Let's use a slightly remarkable contemporary item then ... an
F-16 ... to illustrate the point.
- Length: 15.06m
- Width: 9.96m
- Height: 4.9m
- Empty Weight: 8,573 kg (because we're shipping one as cargo)
15.06 * 9.96 * 4.9 / 14 = 52.49916 displacement tons
Mass = 8.573 tons
So if you're transporting an F-16 as cargo
in a flyable condition (just as fuel and armaments) then you're going to want a 53 ton (minimum) cargo space to put it in. If you're transporting an F-16
as parts loaded into crates (some assembly required...) then you need a 9 ton (minimum) cargo mass capacity to transport it.

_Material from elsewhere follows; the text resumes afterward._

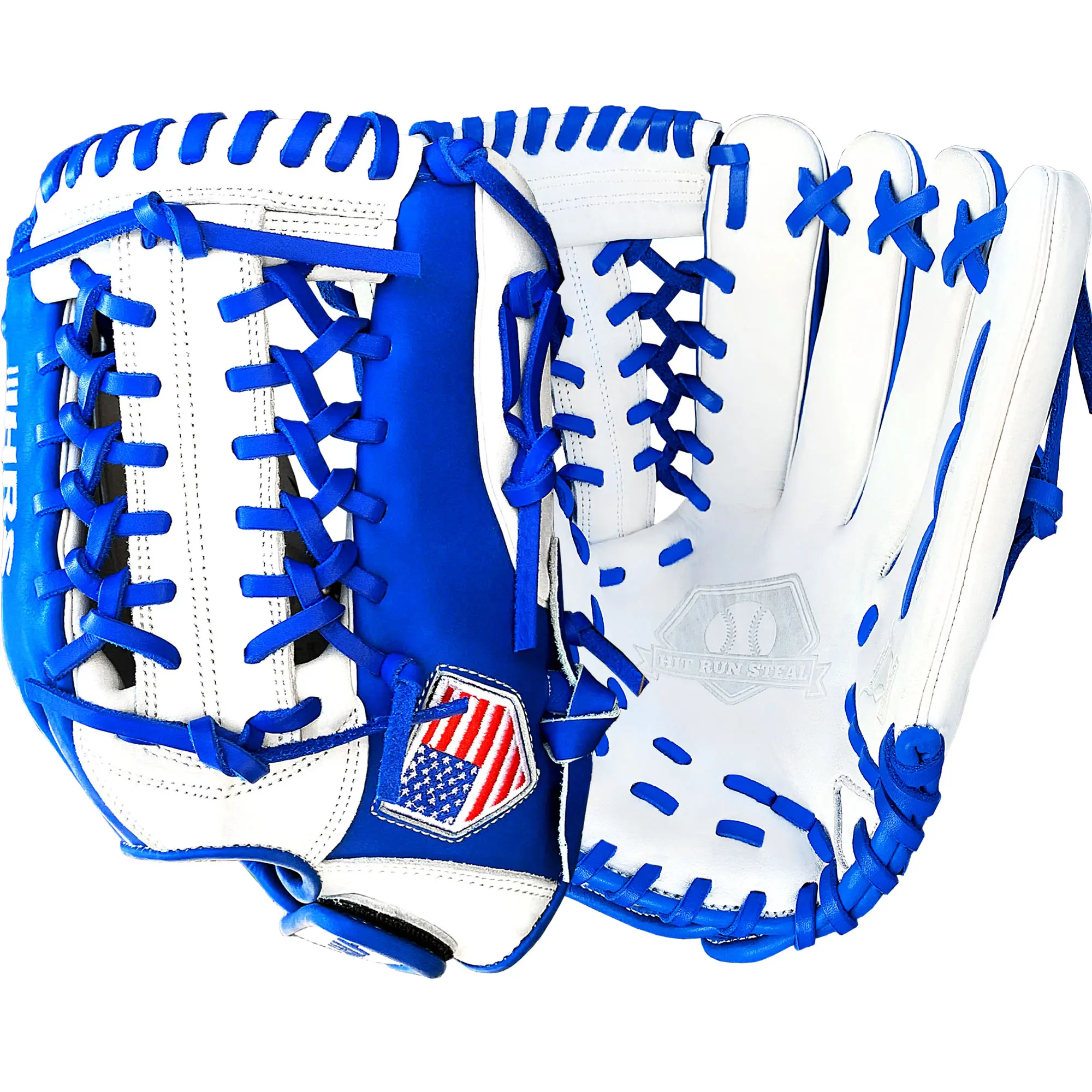 Hit Run Steal 12.5" Softball Glove - Royal Blue/White, Modified Trap Web, Steerhide Leather, Dualpalm Construction - for Youth, Adults Utility Play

More like 1000kg OR 14,000 liters, whichever limit you hit first, amounts to "1 ton" of cargo capacity for manifest spreadsheet and thus ticket purchases.
Some cargoes will be very high density (metal alloys come to mind) so you won't need all the volume available, because you're hitting the "mass limit per ton" first, as opposed to bumping up against the volume limit first. Conversely, some lower density items (finished goods that are not especially compact, such as an atmospheric fighter jet) will "waste" a lot of volume simply due to how they're shaped in comparison to the "box" that they would be fit into.
This is how you can have an F-16 fighter jet need 53 tons of displacement capacity.
And just for anyone playing the home game, the empty weight of an F-6 divided by a volume defined by the dimensions of an F-16 (length, width, height) yields an overall average density (specific gravity) of 8.5/52.5 ≈ 0.1619 ... or slightly under 1/6th the density of water, when the F-16 is "safed" for transport ... because so much of the volume defined by the aircraft's maximum dimensions is filled with "mostly empty air" when transported aboard another craft.